Stored items from a collection
+ + + + +
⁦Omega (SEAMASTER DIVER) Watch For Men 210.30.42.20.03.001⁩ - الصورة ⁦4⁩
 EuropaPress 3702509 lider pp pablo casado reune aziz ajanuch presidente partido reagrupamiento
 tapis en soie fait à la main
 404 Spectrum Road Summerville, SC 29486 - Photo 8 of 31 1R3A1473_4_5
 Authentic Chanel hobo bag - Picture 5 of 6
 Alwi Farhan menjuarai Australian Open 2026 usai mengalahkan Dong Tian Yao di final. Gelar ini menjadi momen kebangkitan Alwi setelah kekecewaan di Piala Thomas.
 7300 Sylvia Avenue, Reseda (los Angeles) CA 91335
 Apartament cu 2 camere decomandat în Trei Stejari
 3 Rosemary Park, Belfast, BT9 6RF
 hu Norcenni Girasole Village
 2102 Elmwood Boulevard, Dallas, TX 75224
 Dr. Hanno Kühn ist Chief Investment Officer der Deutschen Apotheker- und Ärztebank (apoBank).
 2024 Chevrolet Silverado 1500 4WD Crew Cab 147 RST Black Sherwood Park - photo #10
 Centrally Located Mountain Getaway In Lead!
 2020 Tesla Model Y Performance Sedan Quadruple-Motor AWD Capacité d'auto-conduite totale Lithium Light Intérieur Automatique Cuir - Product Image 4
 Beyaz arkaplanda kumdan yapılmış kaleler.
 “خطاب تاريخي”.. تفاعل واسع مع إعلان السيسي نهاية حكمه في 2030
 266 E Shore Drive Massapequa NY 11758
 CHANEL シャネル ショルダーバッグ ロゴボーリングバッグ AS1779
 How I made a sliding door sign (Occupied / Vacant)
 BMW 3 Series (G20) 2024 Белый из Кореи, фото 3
+ + + + +
WORK INSTRUCTIONS
All records shown above need to be written out again verbatim.

FINISHED TASK
⁦Omega (SEAMASTER DIVER) Watch For Men 210.30.42.20.03.001⁩ - الصورة ⁦4⁩
 EuropaPress 3702509 lider pp pablo casado reune aziz ajanuch presidente partido reagrupamiento
 tapis en soie fait à la main
 404 Spectrum Road Summerville, SC 29486 - Photo 8 of 31 1R3A1473_4_5
 Authentic Chanel hobo bag - Picture 5 of 6
 Alwi Farhan menjuarai Australian Open 2026 usai mengalahkan Dong Tian Yao di final. Gelar ini menjadi momen kebangkitan Alwi setelah kekecewaan di Piala Thomas.
 7300 Sylvia Avenue, Reseda (los Angeles) CA 91335
 Apartament cu 2 camere decomandat în Trei Stejari
 3 Rosemary Park, Belfast, BT9 6RF
 hu Norcenni Girasole Village
 2102 Elmwood Boulevard, Dallas, TX 75224
 Dr. Hanno Kühn ist Chief Investment Officer der Deutschen Apotheker- und Ärztebank (apoBank).
 2024 Chevrolet Silverado 1500 4WD Crew Cab 147 RST Black Sherwood Park - photo #10
 Centrally Located Mountain Getaway In Lead!
 2020 Tesla Model Y Performance Sedan Quadruple-Motor AWD Capacité d'auto-conduite totale Lithium Light Intérieur Automatique Cuir - Product Image 4
 Beyaz arkaplanda kumdan yapılmış kaleler.
 “خطاب تاريخي”.. تفاعل واسع مع إعلان السيسي نهاية حكمه في 2030
 266 E Shore Drive Massapequa NY 11758
 CHANEL シャネル ショルダーバッグ ロゴボーリングバッグ AS1779
 How I made a sliding door sign (Occupied / Vacant)
 BMW 3 Series (G20) 2024 Белый из Кореи, фото 3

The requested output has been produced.